Sometime after everyone is in bed but before they wake up to the day before the wedding, Celia will take her suitcase outside and pull the door shut soundlessly. She will leave knowing Sam is not a bitter bride; in fact, he may be the most winsome groom she could ever imagine. It was one thing to stand on ceremony, on history, she will tell herself, but it is another to pin it to the ground so it can’t get up and walk out the door.
The bus to the airport will be full of sleeping people. The sun will have dipped down briefly while she sits on the bed and waits for the house to fall asleep, but by the time she’s on the bus the sky will be glowing again. Outside her window the fields of lava and moss will speed by in the morning twilight like the surface of the moon, but she will be blind to it. Over the velocity of the vehicle all she will be able to sense is the slipping of her ghostly wifehood and motherhood towards their certain end. Every day it’s getting closer.

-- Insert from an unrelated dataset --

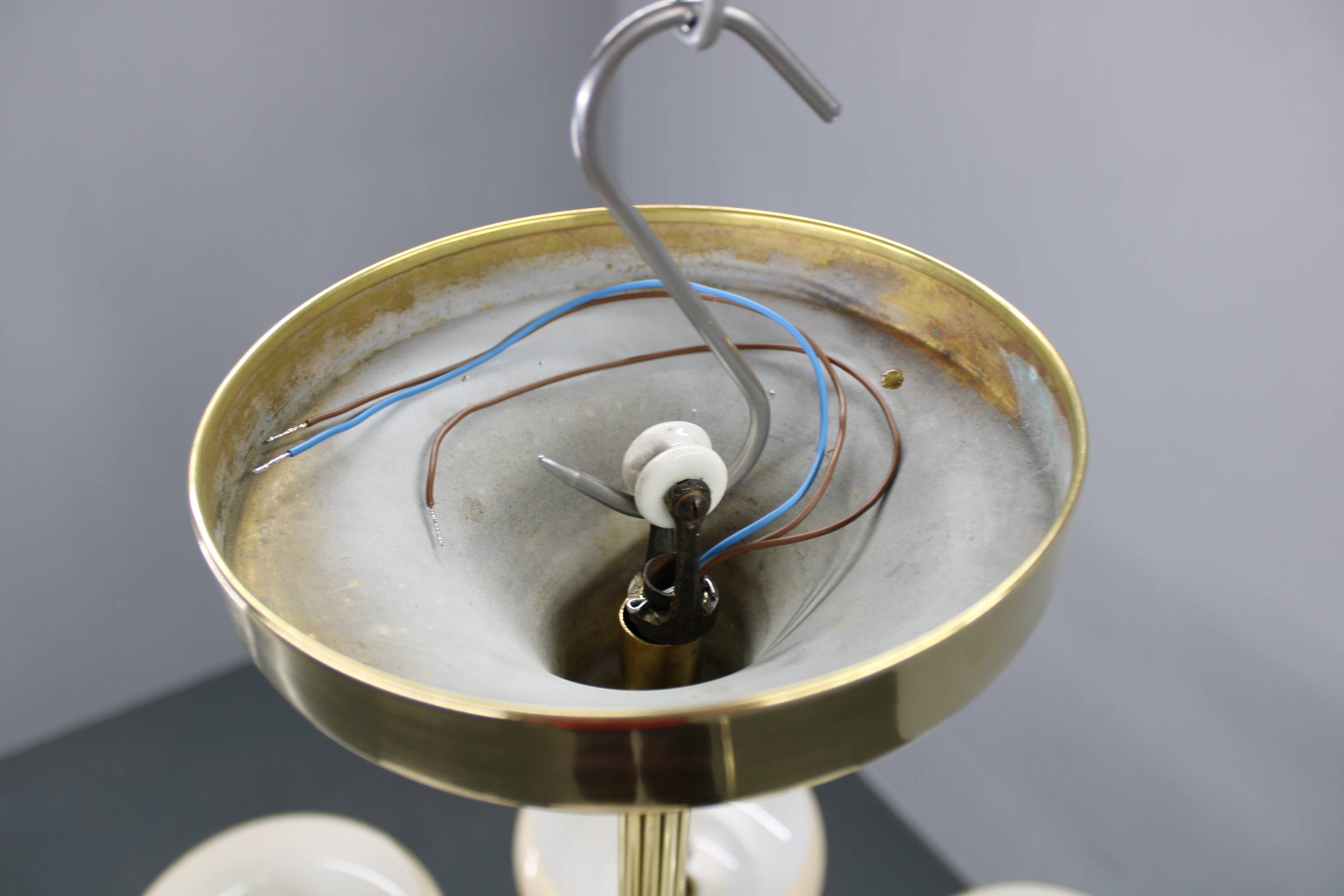 Art Deco brass chandelier with opaline glass, Czechoslovakia, 1930s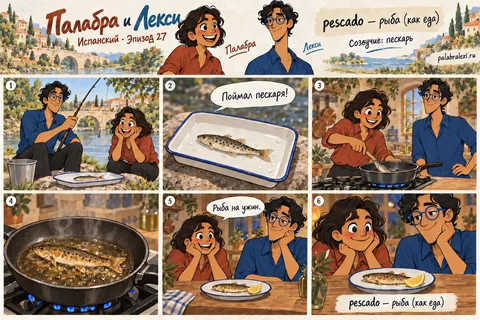 Испанский, эпизод 27: pescado — рыба. Рыбак поймал пескаря и приготовил рыбу на ужин.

When she goes home she will line up her students and have them grow bean plants on the classroom’s windowsill. They will compete to see who can grow the tallest, largest plant. She will encourage them to do whatever is in their power to make them grow. They can play music for their plants and move them to larger pots. They can drown them in vitamins and fertilizers and they can bring in artificial lights. They can heap their care onto the soil and cultivate the hope that their seeds will burst from the ground and rise over the classroom, towering like sentinels of Giant Sequoia.